━━ Information provided
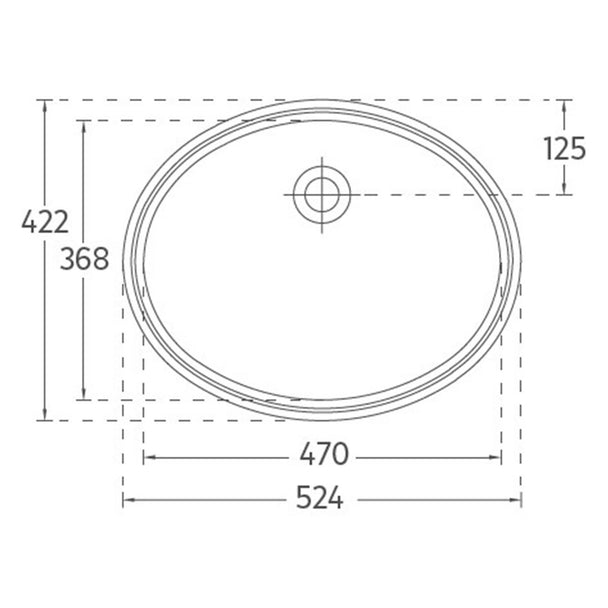 Isvea Soluzione 51 cm Tezgah Altı Lavabo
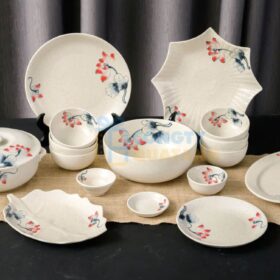 Bộ bàn ăn in logo sang trọng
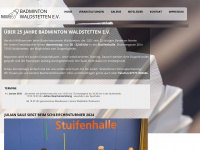 badminton-waldstetten.de Webseite Vorschau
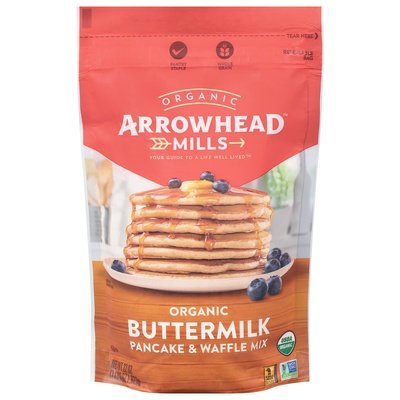 Arrowhead Mills Pancake Waffle Mix Buttermilk 6/22 Oz [UNFI #50353]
━━━━
Reproduce verbatim every line starting at the line that holds "Bộ bàn ăn in logo sang trọng" and ending with the final line of the data; omit the pictures.

= Answer to this exercise =
 Bộ bàn ăn in logo sang trọng
 badminton-waldstetten.de Webseite Vorschau
 Arrowhead Mills Pancake Waffle Mix Buttermilk 6/22 Oz [UNFI #50353]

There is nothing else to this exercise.